**YOUR OBJECTIVE:** Write out every record exactly as it appears. Skip the pictures.

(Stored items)
┌──

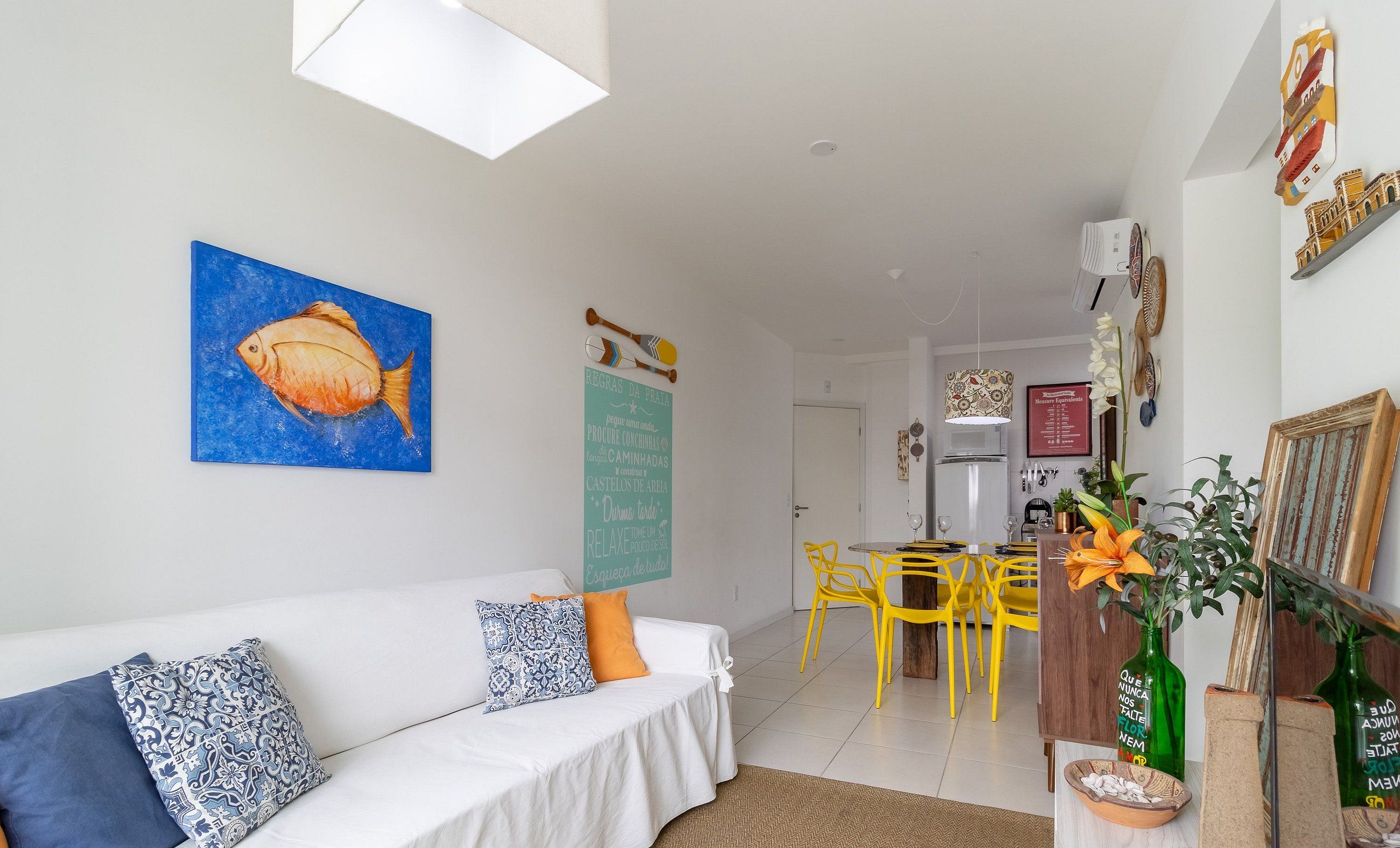 Un salon avec un canapé blanc, un tableau représentant des poissons bleus et un coin repas avec des chaises jaunes.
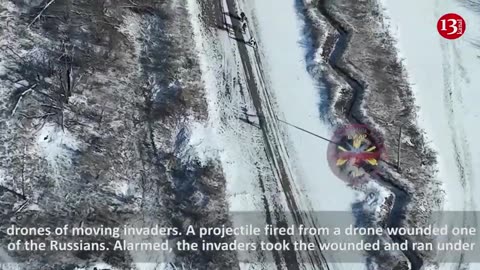 Russians advancing on snowy road encounter a drone - "They run and hide under bridge"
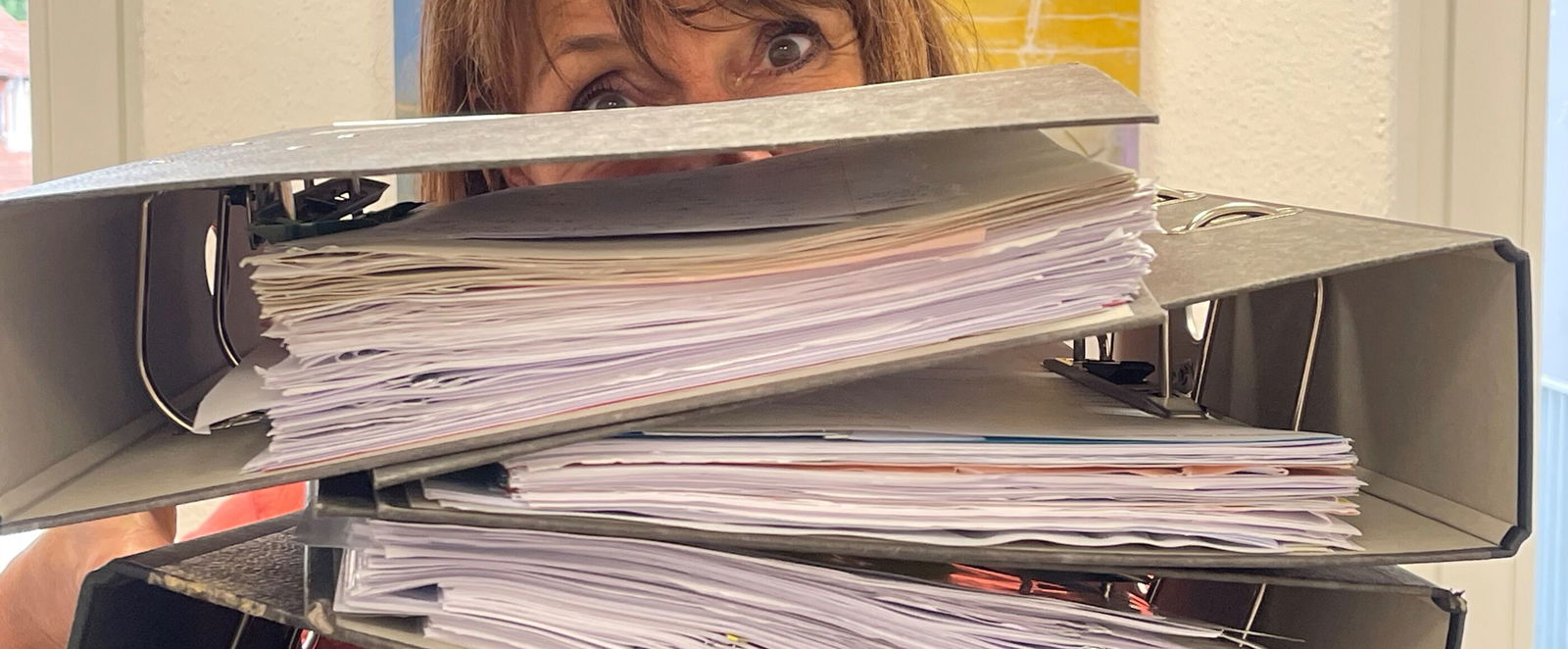 Eine weiblich gelesene Person, die hinter dicken Akten hervorschaut.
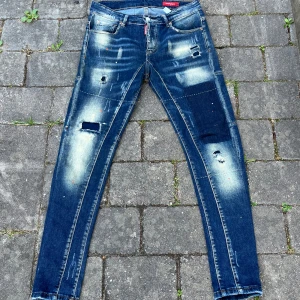 Dsquared2 skinny jeans med slitningar - Säljer ett par blå skinny jeans från Dsquared2 med coola slitningar, patchade detaljer och blekta partier. Jeansen har klassisk femficksdesign, låg midja och snygga kontrastsömmar. Materialet är jeans med stretch för skön passform. Perfekt för dig som gillar streetstyle.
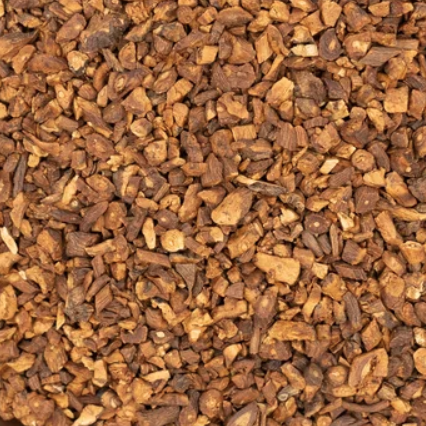 A close-up of organic roasted dandelion root pieces showing their chopped, coarse texture and rich toasted brown colouring.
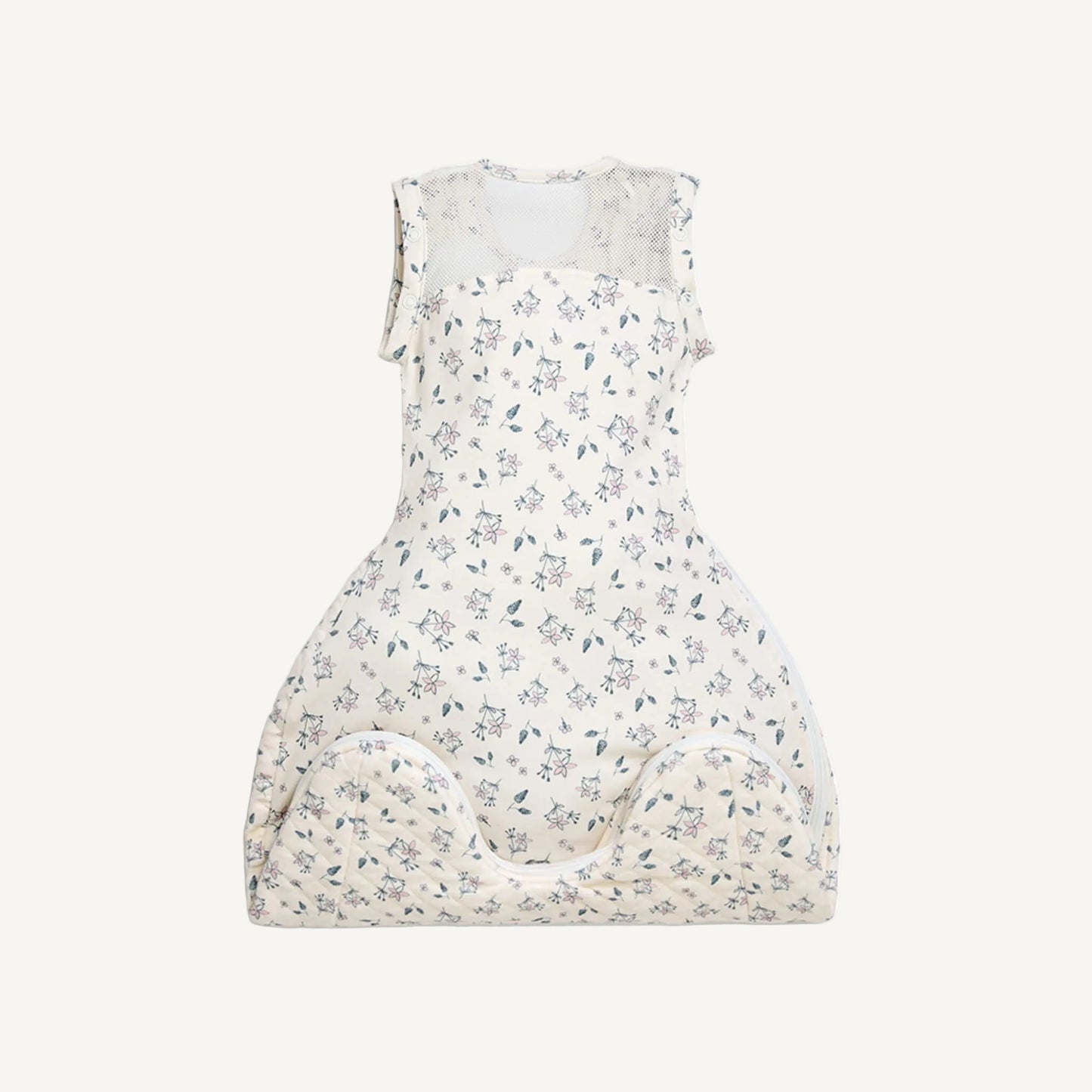 A rear view of a swaddle to sleep bag laid flat, showing the full-width breathable mesh panel across the upper back and shoulders.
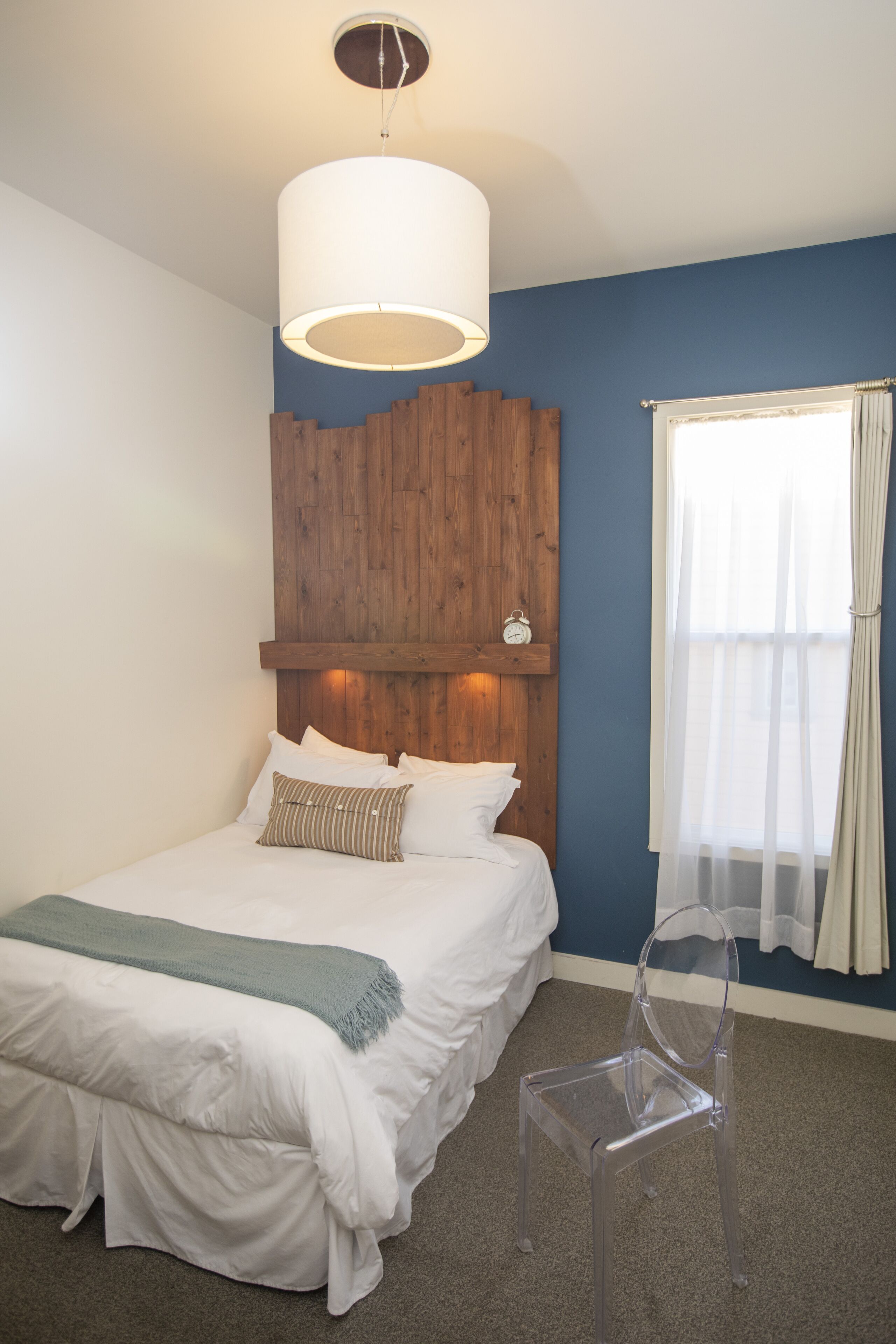 A bedroom with a wooden headboard, a bed with white bedding, a clear plastic chair, and a window with sheer curtains.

└──

**EXPECTED OUTPUT:**
 Un salon avec un canapé blanc, un tableau représentant des poissons bleus et un coin repas avec des chaises jaunes.
 Russians advancing on snowy road encounter a drone - "They run and hide under bridge"
 Eine weiblich gelesene Person, die hinter dicken Akten hervorschaut.
 Dsquared2 skinny jeans med slitningar - Säljer ett par blå skinny jeans från Dsquared2 med coola slitningar, patchade detaljer och blekta partier. Jeansen har klassisk femficksdesign, låg midja och snygga kontrastsömmar. Materialet är jeans med stretch för skön passform. Perfekt för dig som gillar streetstyle.
 A close-up of organic roasted dandelion root pieces showing their chopped, coarse texture and rich toasted brown colouring.
 A rear view of a swaddle to sleep bag laid flat, showing the full-width breathable mesh panel across the upper back and shoulders.
 A bedroom with a wooden headboard, a bed with white bedding, a clear plastic chair, and a window with sheer curtains.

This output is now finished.